Since the ceasefire, Moscow has deployed around 2,000 troops to the region to serve as peacekeepers.
Babayan called reports of the army’s transfer to Nagorno-Karabakh of the Lachin corridor, which connects the region with Armenia and is controlled by Russian peacekeepers, “information terrorism. “
He claimed that Azerbaijan may use the reports as a pretext to provoke ethnic Armenians in the region to “undermine the agreement” related to the Lachin corridor.
“Naturally, no army aircraft are transported because there are cameras. Everything is under surveillance,” Babayan said.
The Russian peacekeeping project in Nagorno-Karabakh said on Telegram on November 5 that 12 tons of humanitarian shipment had been delivered to Nagorno-Karabakh. The Russian side said peacekeepers have already delivered essential items and food parcels to 324 families in the Martuni region. of Nagorno-Karabakh.
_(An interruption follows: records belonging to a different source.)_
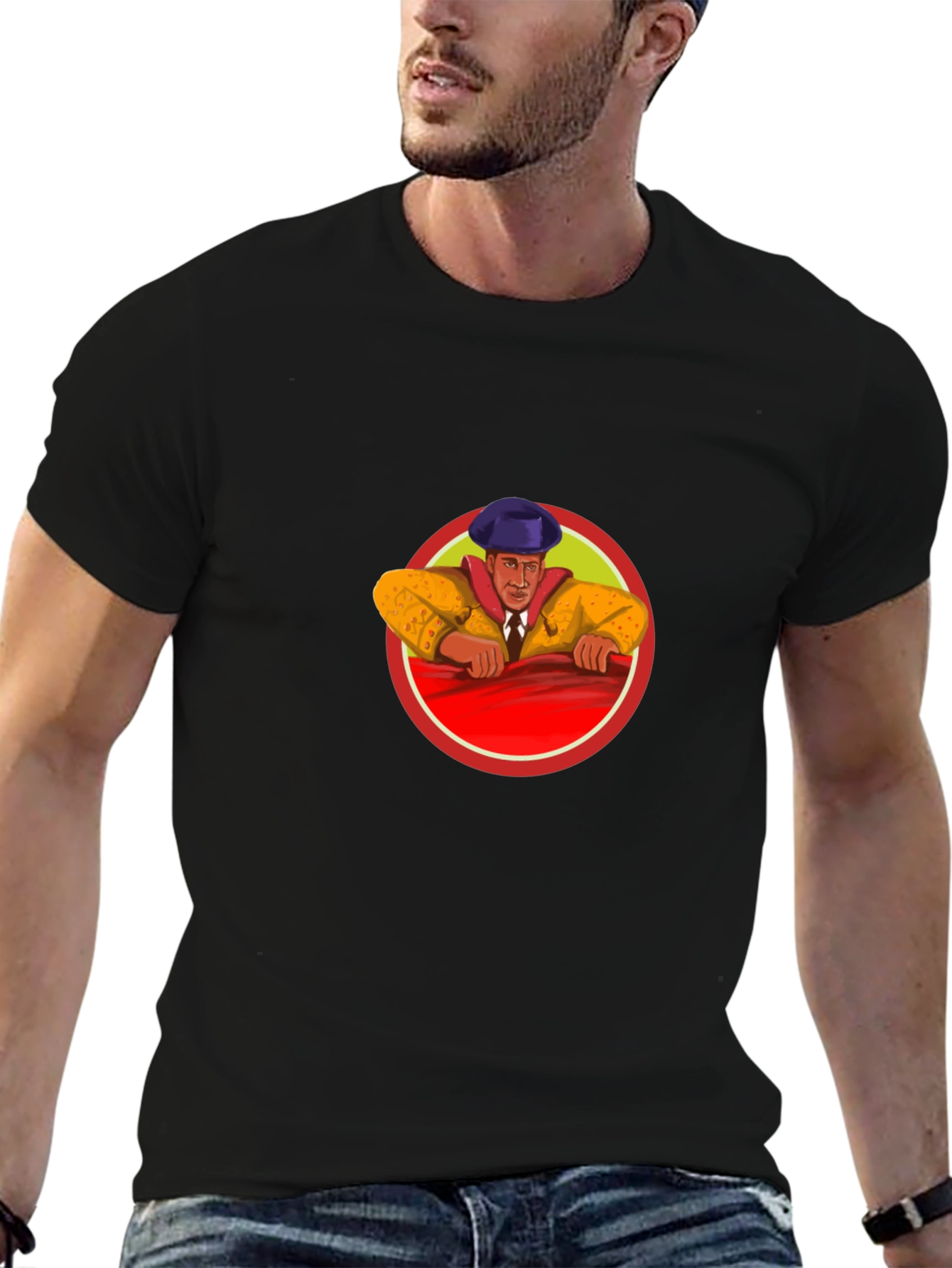 Matador Graphic Tee - Stylish Bullfighter Design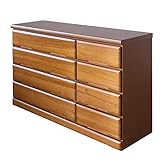 135LC ライト 17/1 (BR) 桐材 収納タンス 幅135 日本製 完成品 aaaa00520 (ブラウン)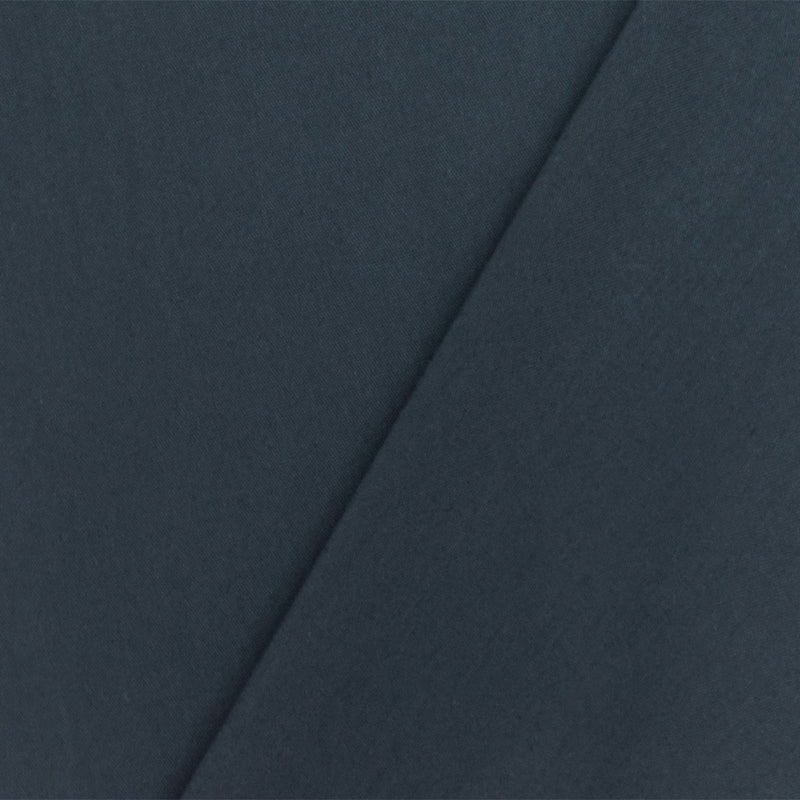 Night Blue Solid Stretch Cotton Blend Broadcloth Woven Fabric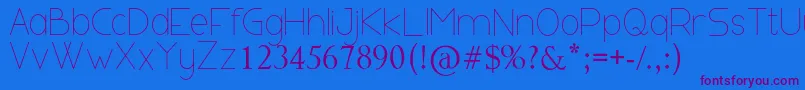 BULGARE Font – Purple Fonts on Blue Background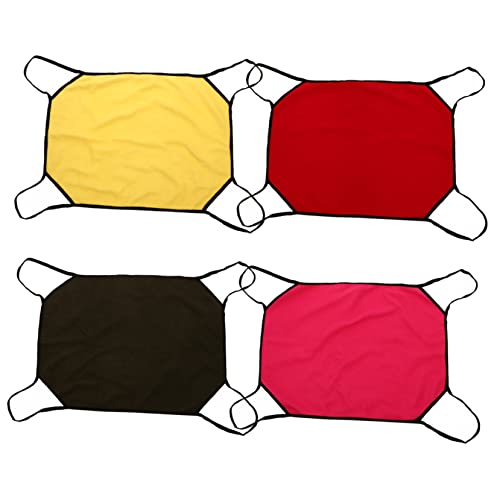 HEMOTON 4 Stück Hängendes Katzennest fensterbank katzenbett Haustier Sitz Leinen Katze Kätzchen Hängematte Schaukel Kätzchen-Hängemattenschaukel Polarfleece von HEMOTON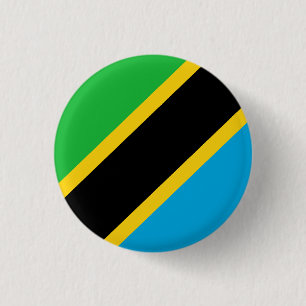 Flagga Tanzania Knapp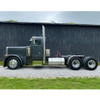 American Eagle 8-5 X 120 Inch Stainless Steel Exhaust Kit W/ Miter Stacks & Peterbilt Style Elbows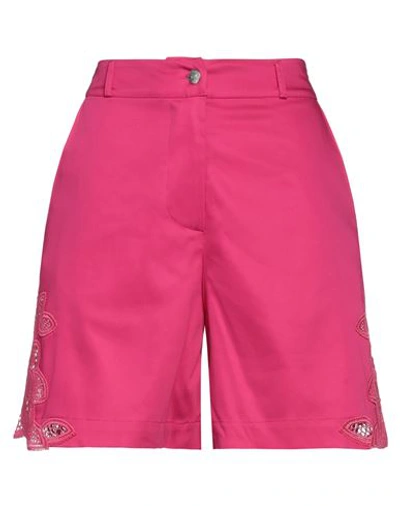 Tricot Chic Woman Shorts & Bermuda Shorts Fuchsia Size 2 Cotton, Elastane In Pink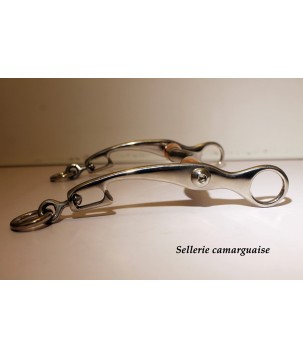 Mors Camargue ponté rouleaux cuivre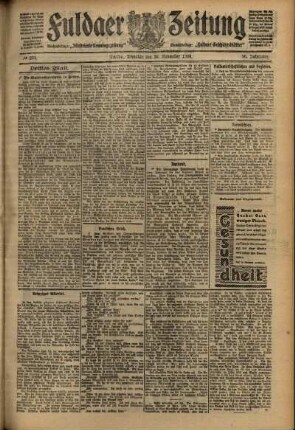 Dritte Ausgabe vom Dienstag, den 16. November 1909.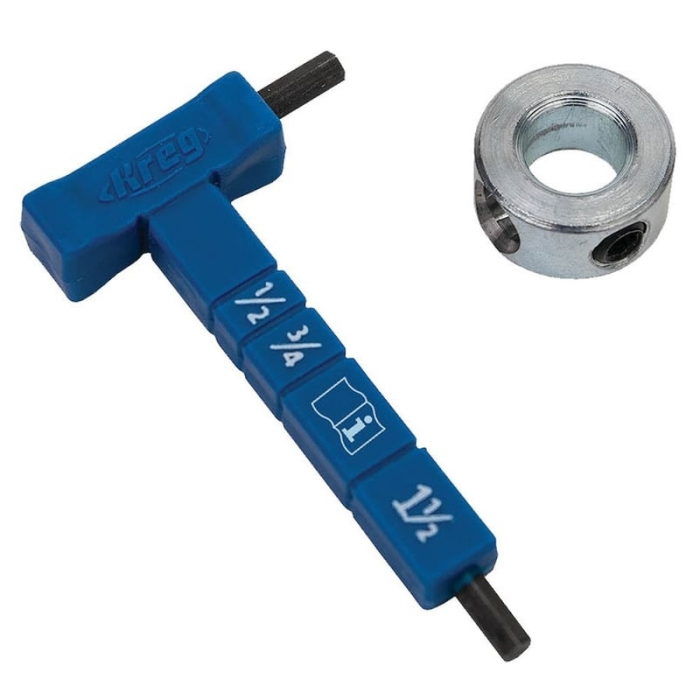 Set burghiu, inel si cheie imbus pentru gaurire la unghi in lemn Kreg KPHA540, 3 piese [3]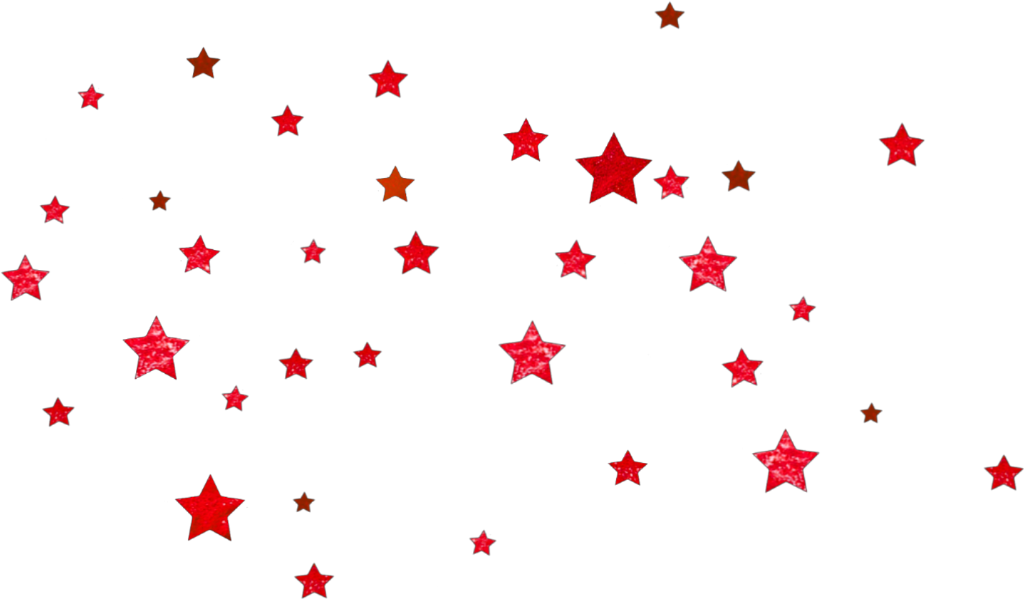 Red Stars Pattern Background PNG image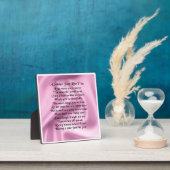 シスターポエムプラーク – ピンクシルクデ   ザイン フォトプラーク (インサイチュ)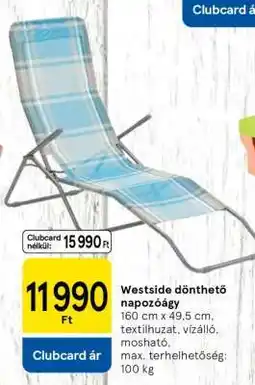 Westside dönthető napozóágy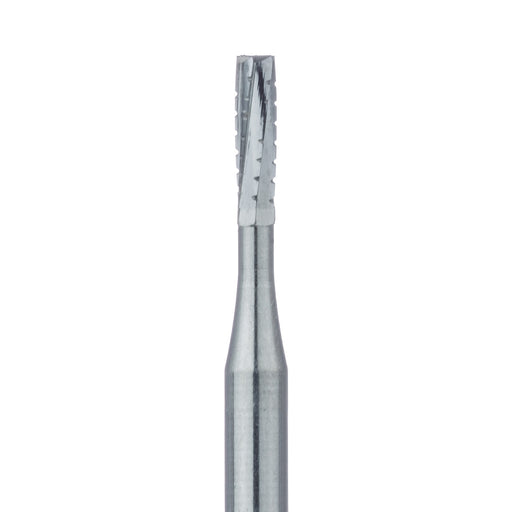 Operative Carbide Bur, Straight Cross Cut Fissure, Super Sharp, US#S557, 1mm Ø, FG - HM31S-010-FG - Avtec Dental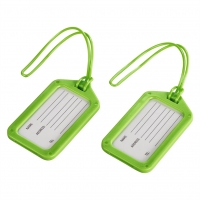Hama identifikační štítek na zavazadlo, zelený, set 2 ks (cena uvedená za set)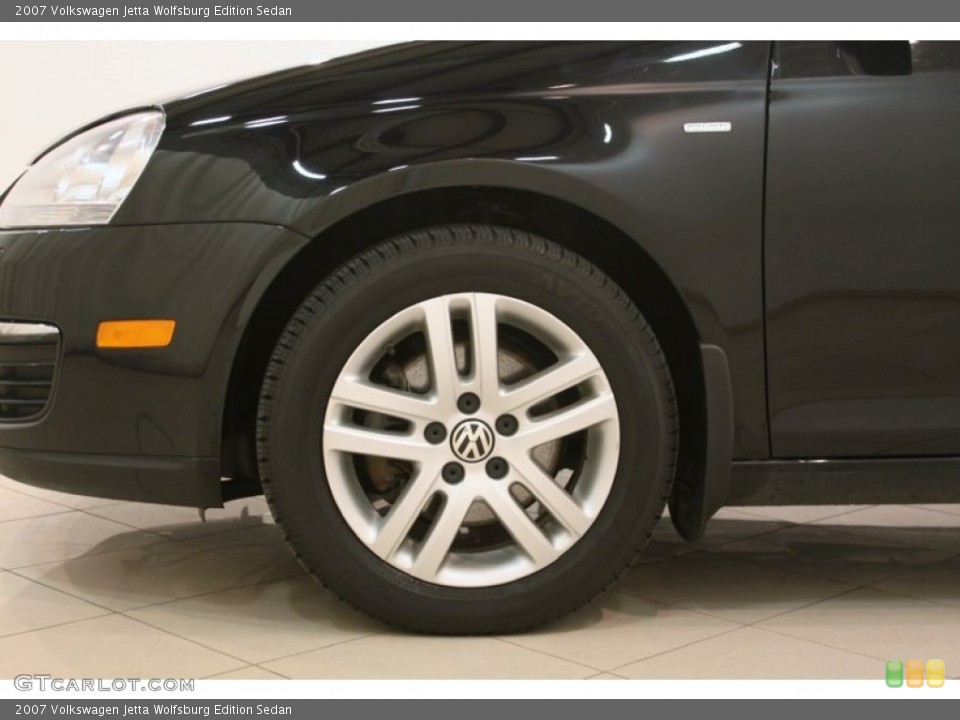 2007 Volkswagen Jetta Wolfsburg Edition Sedan Wheel and Tire Photo #78269356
Suspicions about the shipments arose through a video posted on the Internet the same day purporting to show several trucks marked as Russian Army leaving a shipping plane at an airport in Yerevan and then heading to Nagorno-Karabakh.
Telegram channels in Azerbaijan also alleged that the Baku government had banned a Russian air force plane from flying into Armenian Azerbaijani airspace and that the plane, which allegedly carried weapons, had to be diverted to succeed in Armenian Iran.
There is no comment on this from officials in Baku, Moscow or Yerevan.